Up until now, my Retro-Venusian vibe has been kind of cool; re-thinking skincare and getting a lot of really beautiful affirmations from you people, thank you!
But then the Retro-Venusian Venom attack: an ex-lover induced zombie episode. It came via Facebook. Somehow, its satanic mill of an algorithm spewed up The Uranian as a person I “might know.” I don’t even use my personal Facebook, it opened by mistake.
A few of you may recall that he was a Triple Aquarius/Moon-Uranus in Libra beautiful nightmare of a Uranus Venus-Sun transit romance I had about eight years ago*. He was actually a Bolshevik who thought that climate change concerns were a conspiracy to stop the Third World workers gaining power and an early-adopter of being anti-Facebook. He hated all social media as much as he loved Brutalist architecture, Fassbinder movies and – the reason we broke up – drugs. It began with a lightning bolt of high-vibe Uranian connection and chemistry but petered out over months of banality.
So I was surprised to see him not only alive but on Facebook and still looking eerily good. And for various reasons I won’t go into here, it felt kind of triggering to see his leering mug on my Mac screen. What I should have done: ticked Facebook’s “no way, fuq off” option and quit out of it, gone to meditate or walk the dog or something. Maybe journal out my complex emotions. What I did: obtained some naff lollies and quietly emotionally ate as I perused his profile, quietly cussing at the people I knew who were FB friends with him and (insanely) noting the women on his friends’ list who were what my daughter calls THOTs.
Worse, I even had some sort of limbic-hormonal trigger to invite him over. And the whole time this voice in my mind is like, “get off the internet” and “this is not your higher self – hell, it’s not even your medium level self.”
But this sting of Retro-Venusian venom bought up so much.

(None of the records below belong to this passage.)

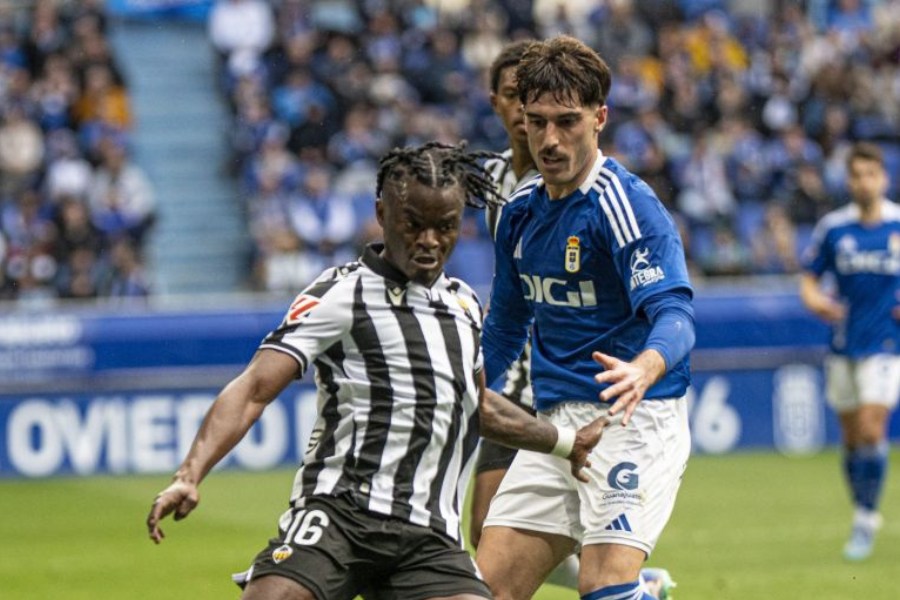 El Real Oviedo disfruta de Nacho Vidal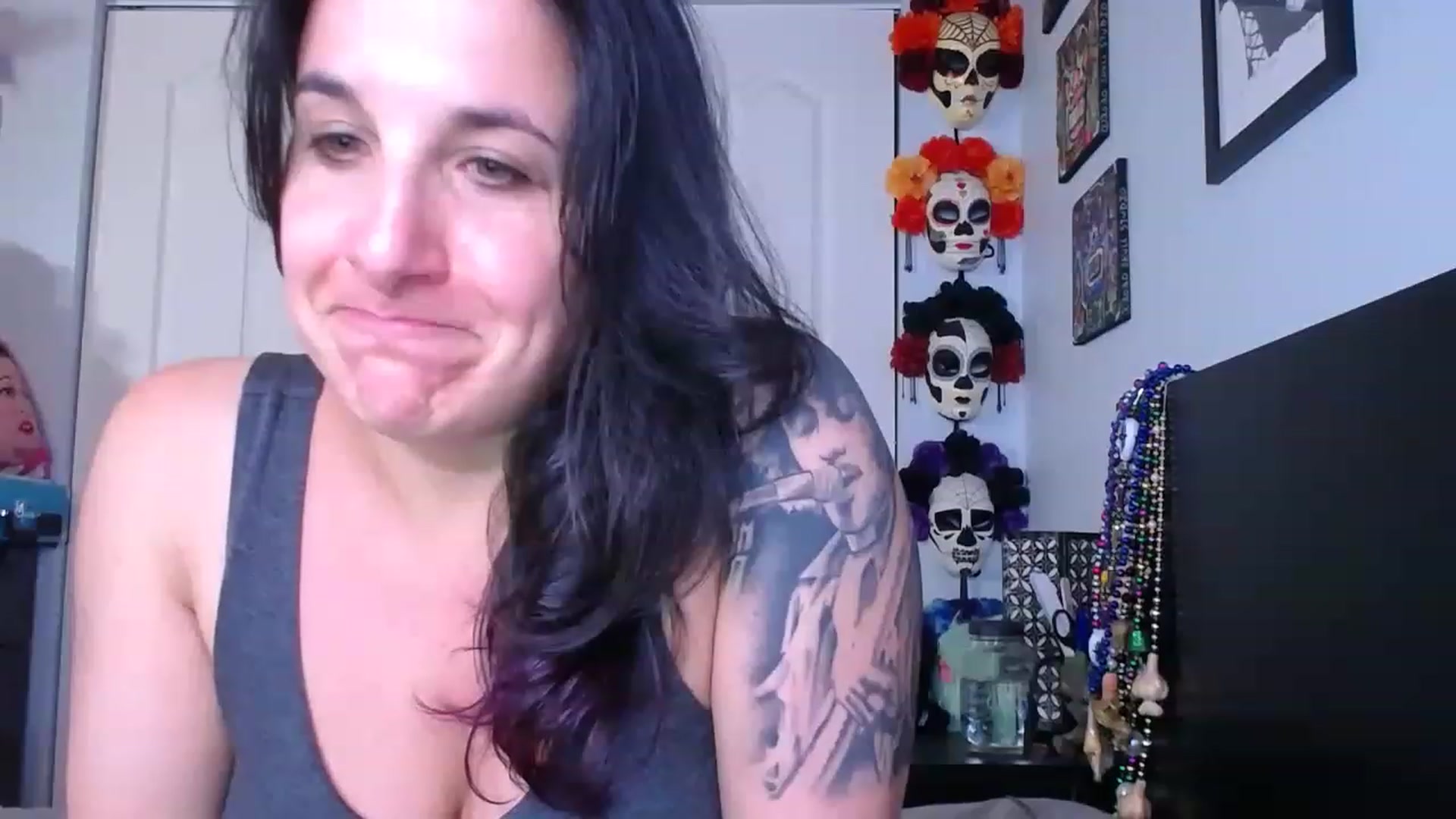 Gallery image thumbnail from abustybabe's myfreecams stream on, 05/30/2023, 20:06 image 12 of 20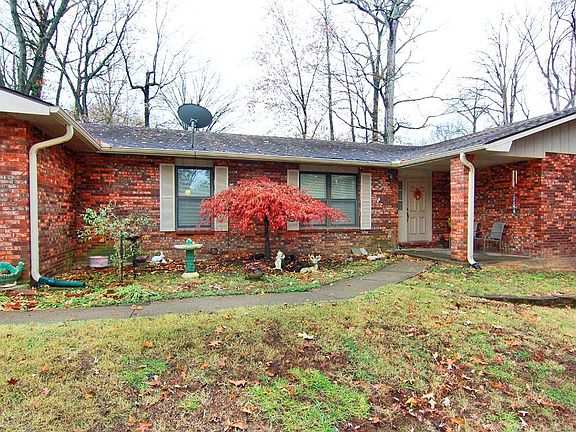 5th image of 2029 Kenneth Dr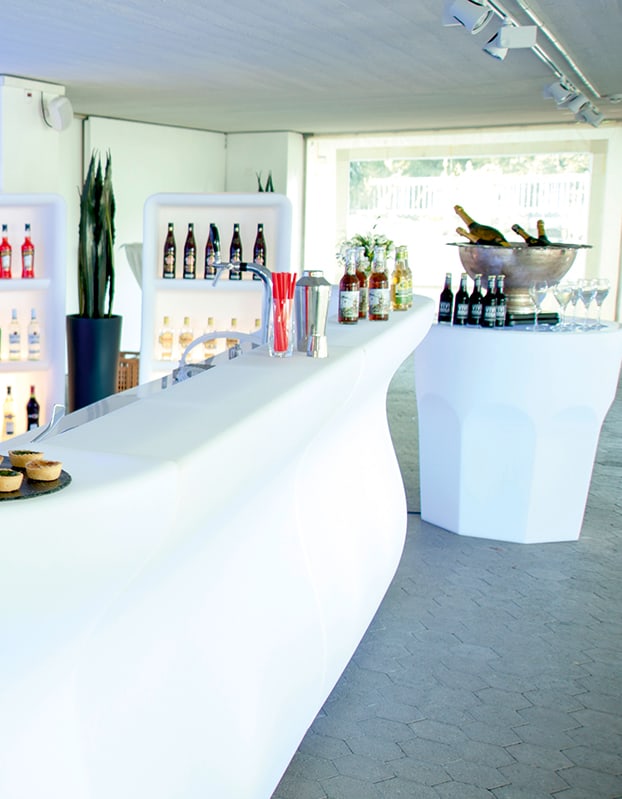Restaurant Seegarten, bar bianco con cocktail
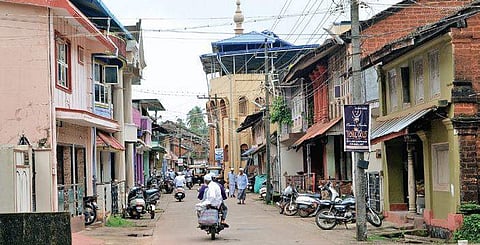 Residents of Bhatkal belonging to the Nawayat community continue to maintain relations with those in Pakistan through marriage | Express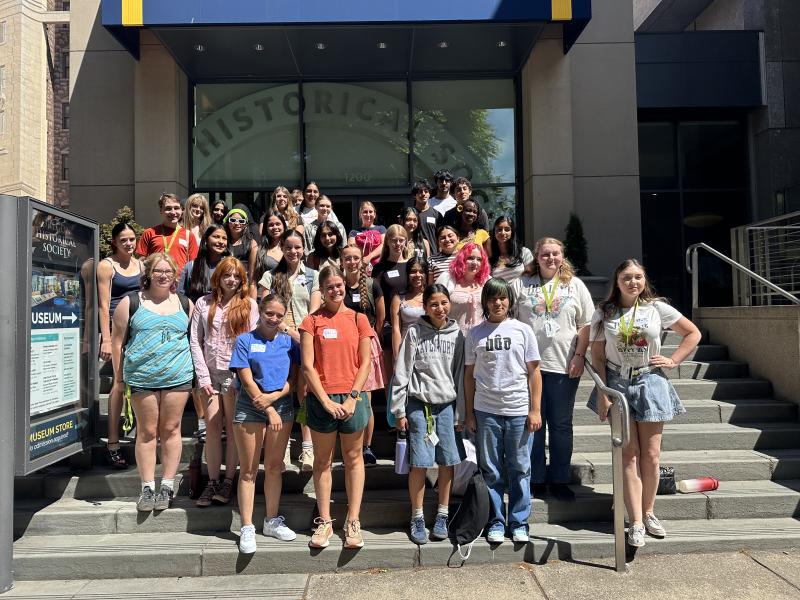 Hatfield Futures students posing in front of the Oregon Historical Society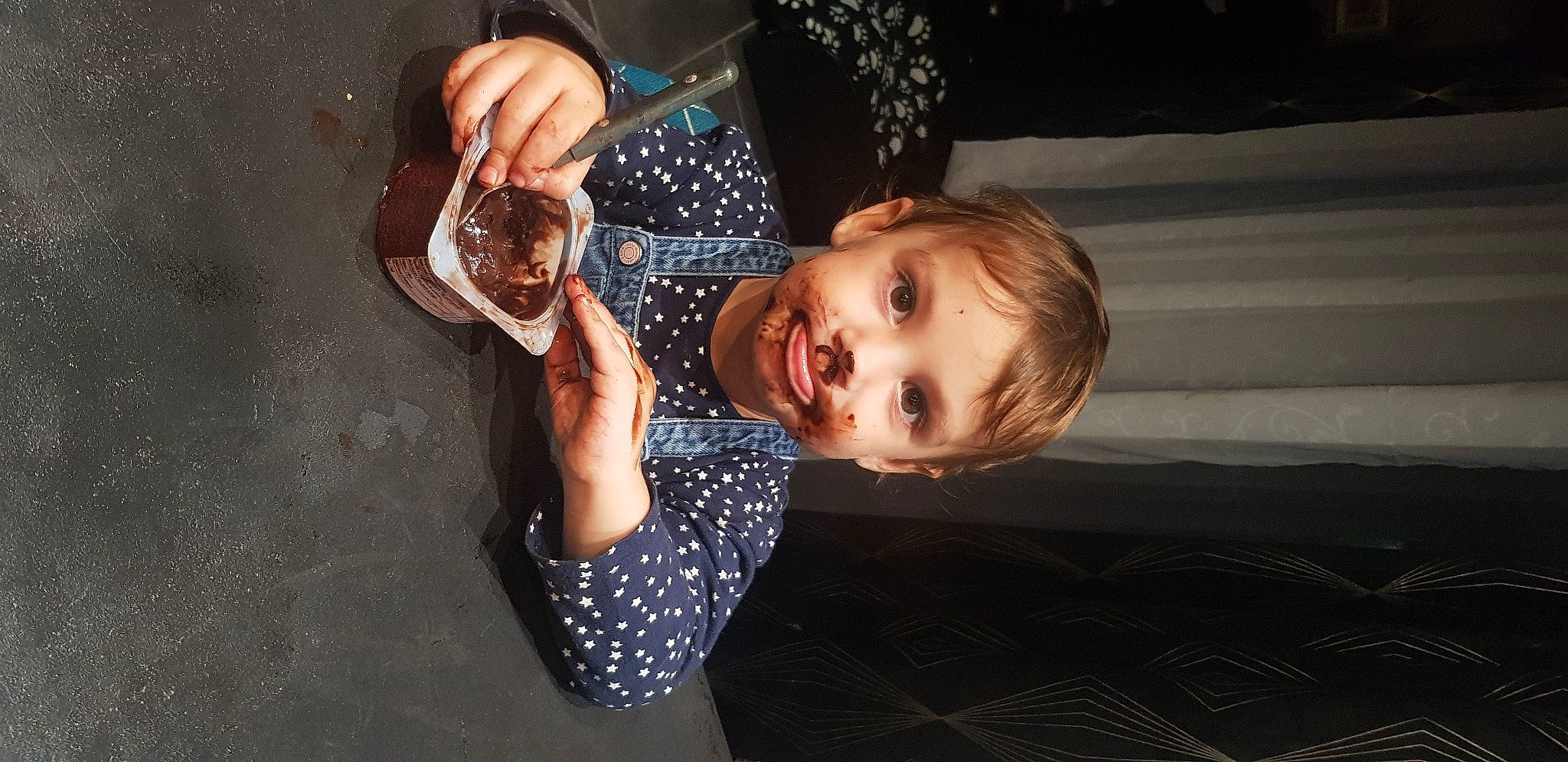 Kaïna a rejoint le concours — aidez-le/la à gagner de superbes lots ! blond, child, elbow, finger, flash_photography, flooring, food, fun, gesture, hand, happy, joy, nail, pattern, person, portrait_photography, sitting, smile, thumb, toddler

Usually, when you have some kind of a break-up or leave a dysfunctional break-up, you focus on just getting the hell out of there and reforming your routine, without them in it. You keep it together. There are certain emotions and insights that you put in a secret vault for later. And Retro-Venus in the Via Combusta is, I guess, later.
Anyway, I have devised a Retro-Venusian cure-all. I have booked an infrared sauna session and I am going to set it to super-Warp-Core intensity, play an appropriate soundtrack and sweat the emotions/memories/psychic residue out, consciously thinking and feeling through the complexities, no denial, no automatic ‘story’. It’s not just about him as such. I am sure many of you can relate to this: it’s about wondering who the fuq were you in that relationship?
Any suggestions for a soundtrack for this? I don’t want whales, tinkling bells or monks chanting. And, has anyone else been stung with the Retro-Venusian venom?
*AKA the last Venus Retrograde in Scorpio.